Mme Jeanne Bornais, stagiaire

Table ronde d'associations de défense des droits des femmes

CHOISIR LA CAUSE DES FEMMES

Mme Maria Cornaz Bassoli, présidente

FONDATION DES FEMMES

Mme Floriane Volt, directrice des affaires publiques et juridiques

Mme Capucine Blouet, juriste et étudiante plaidoyer/affaires publiques

PERSONNALITÉS QUALIFIÉES

Mme Bibia Pavard, maîtresse de conférences en histoire contemporaine Institut français de presse, Université Paris Panthéon-Assas

Mme Isabelle Foucrier, productrice à la direction éditoriale de l'INA

LA LOI EN CONSTRUCTION

Pour naviguer dans les rédactions successives du texte, visualiser les apports de chaque assemblée, comprendre les impacts sur le droit en vigueur, le tableau synoptique de la loi en construction est disponible sur le site du Sénat à l'adresse suivante :

https://www.senat.fr/dossier-legislatif/ppl24-244.html


* 1 Cf. commentaire de la décision n° 2010-617 DC du 9 novembre 2010 - Loi portant réforme des retraites.

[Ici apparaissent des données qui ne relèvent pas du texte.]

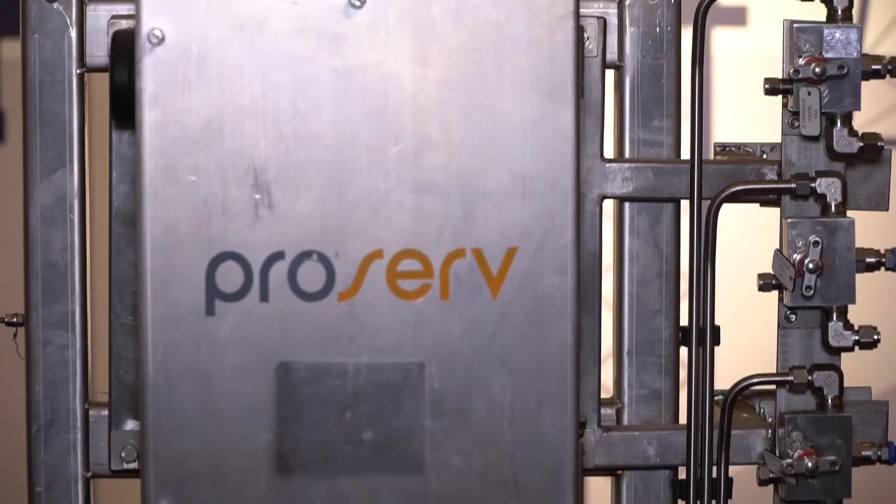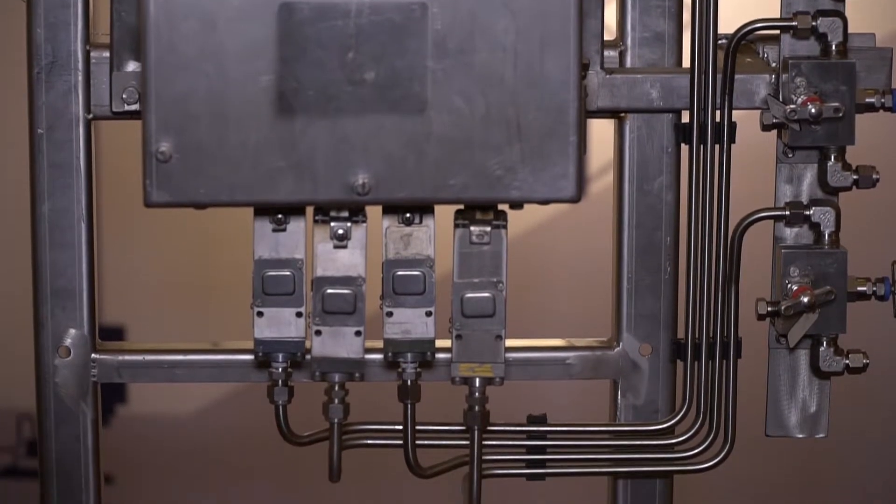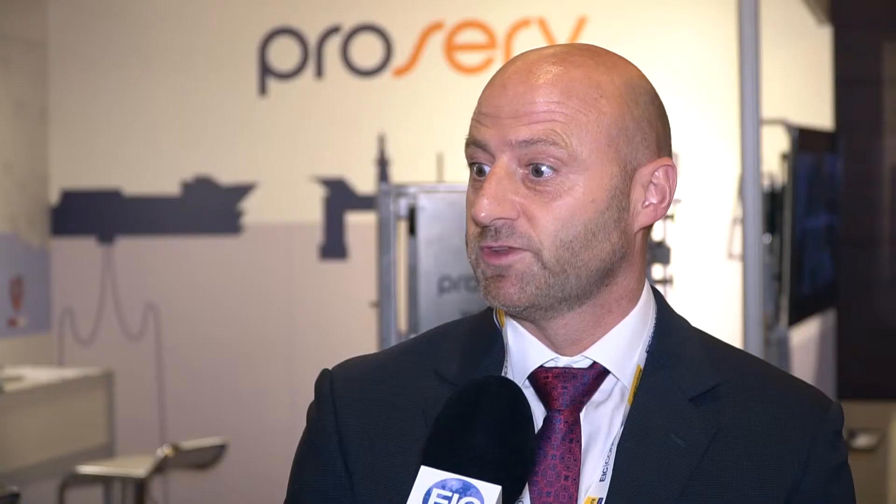The smart box is a bespoke product for ProServe. It can be retrofitted to any piece of equipment, it provides real-time information, and it gives a complete solution for the client base they're looking for. And of course it's a very rugged looking piece of kit as well.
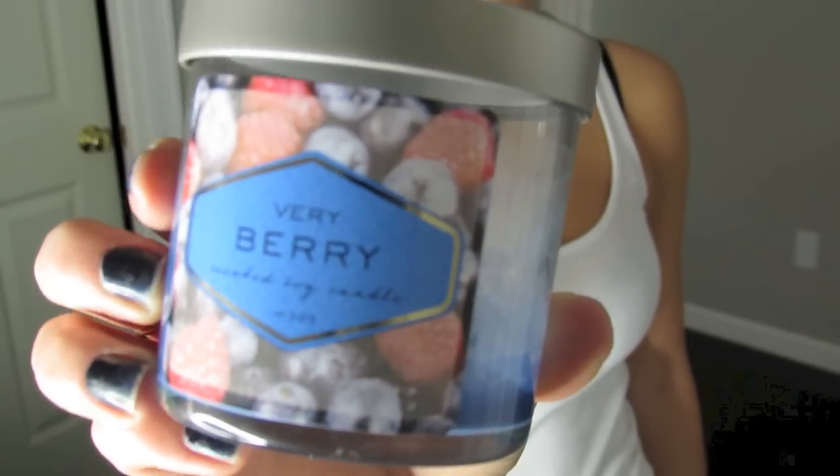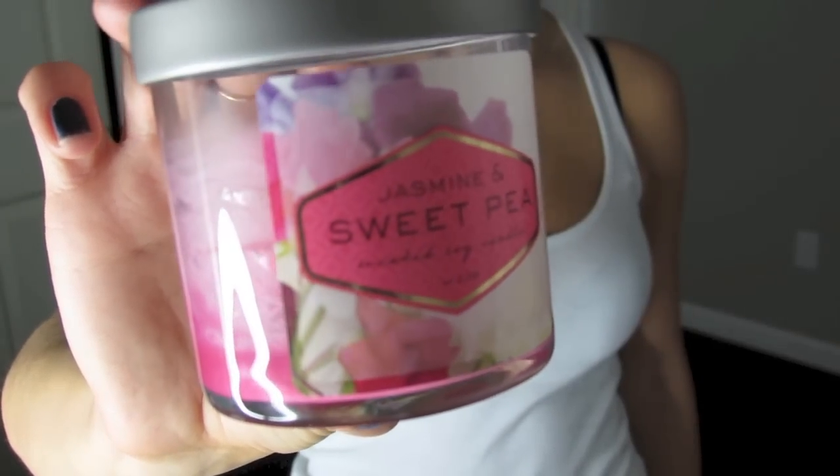Target has a line of scented soy candles that I always hear about. I believe Michelle1218 talks about them a lot. I honestly love the idea of a soy candle and a clean burning candle. They're really inexpensive — $5 for a size like this — and they're easily accessible at Target. They also kind of mimic the look of Yankee Candles. This is actually the Very Berry one, which smells so good. When you open it, it smells like a blue Jolly Rancher or a blue Starburst. Then I got the Jasmine and Sweet Pea scent, which I thought was a really sweet but clean scent. As you can tell, they're kind of burned — I've only had them for a few days.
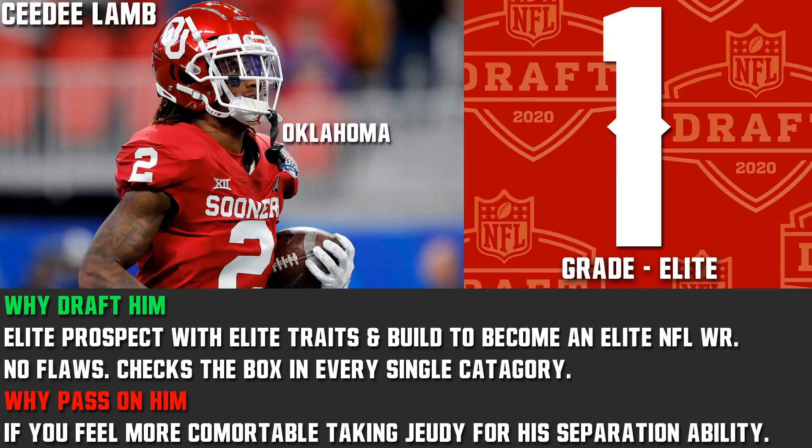The only reason you'd pass on CeeDee Lamb is if you feel a little more comfortable with Judy because he gets open and gets separation, or he fits your team a little better — and that's understandable. That's the beauty of the top two here. Taking Judy over CeeDee Lamb — I'm not going to say you're wrong because I have Lamb one. That's how great this is.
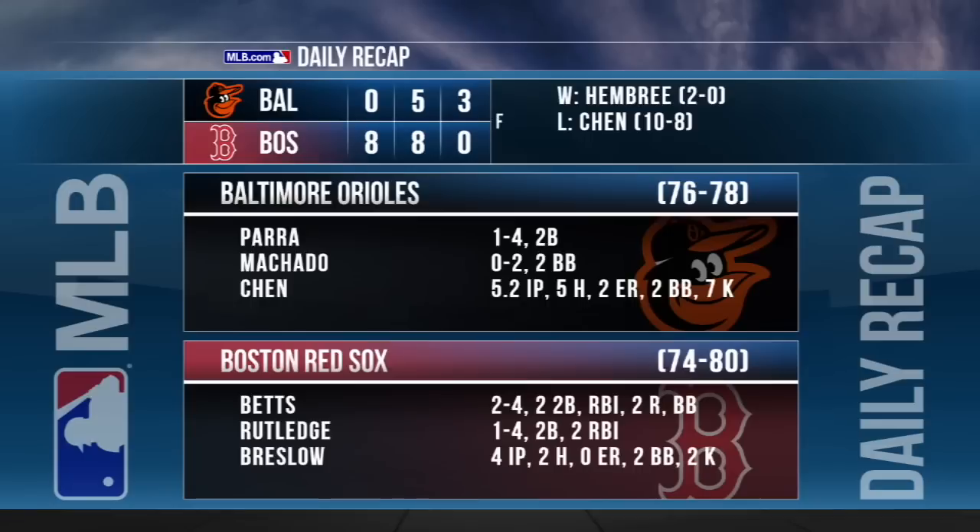The Red Sox bullpen approach to the game works as they win it 8-0. They shut out the Orioles in the first 18 innings of this series. Seven Boston pitchers combined for the shutout, starting with Breslow who threw a career-high four scoreless innings in his first big league start. The win goes to Heath Hembree.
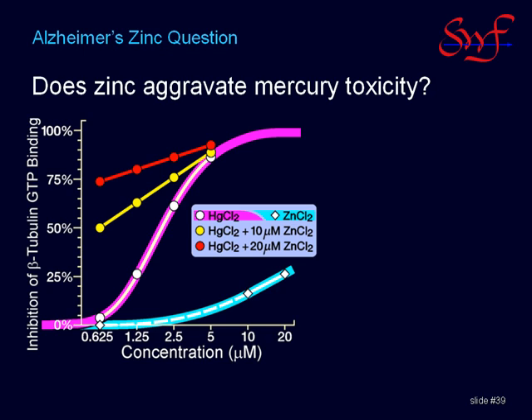But when the zinc was added to the mercury, there was a greater than additive effect. With 10 micromolar zinc, which produces 15% inhibition on its own, the beta-tubulin binding of GTP went from 4% to 50% at the lowest concentration. With 20 micromolar zinc, the inhibition went from 4% to 75%. This indicates that zinc has the potential to aggravate mercury toxicity, particularly at its lowest concentrations, where it is borderline toxic.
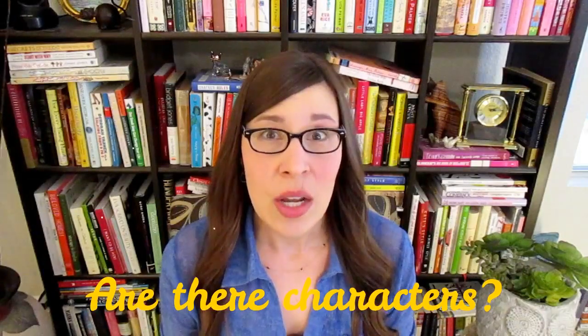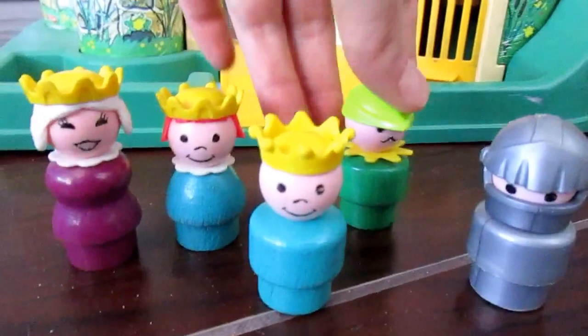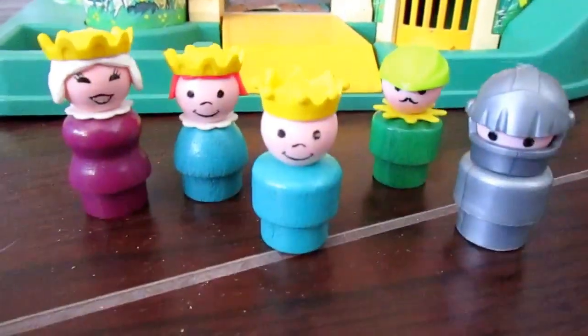Number one, we want to find out if there are characters in this toy or playset. We need to have people, animals, or vehicles that can interact with each other. When we can interact, we can do pretend conversations, we can do social skills, we can have the toys help each other, we can have somebody be a bad guy and have to go to jail, or have to have some time away from the group to calm down, so we can model things that might be happening in the child's own life. We want characters.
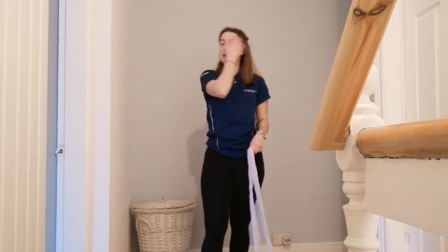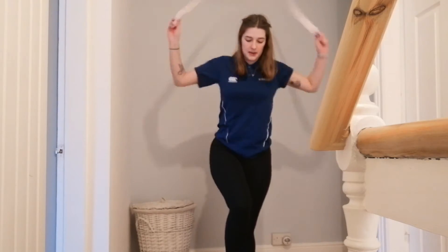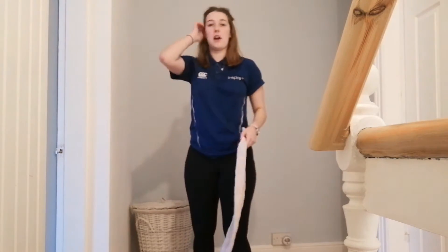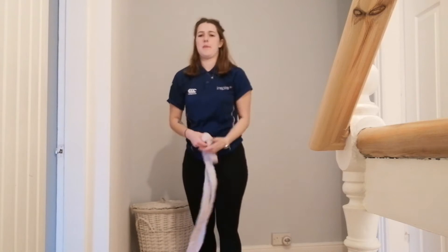For challenge number two we're going to skip using one leg, so I'm going to hop. I'm going to do my left leg first, bringing my right one up just like that, and then you'll try on your opposite leg — see which one you can get a better high score on and then keep trying to beat it.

* 2 Cf. par exemple les décisions n° 2015-719 DC du 13 août 2015 - Loi portant adaptation de la procédure pénale au droit de l'Union européenne et n° 2016-738 DC du 10 novembre 2016 - Loi visant à renforcer la liberté, l'indépendance et le pluralisme des médias.

* 3 Décision n° 2007-546 DC du 25 janvier 2007 - Loi ratifiant l'ordonnance n° 2005-1040 du 26 août 2005 relative à l'organisation de certaines professions de santé et à la répression de l'usurpation de titres et de l'exercice illégal de ces professions et modifiant le code de la santé publique.

* 4 Décision n° 2020-802 DC du 30 juillet 2020 - Loi organique portant report de l'élection de six sénateurs représentant les Français établis hors de France et des élections partielles pour les députés et les sénateurs représentant les Français établis hors de France.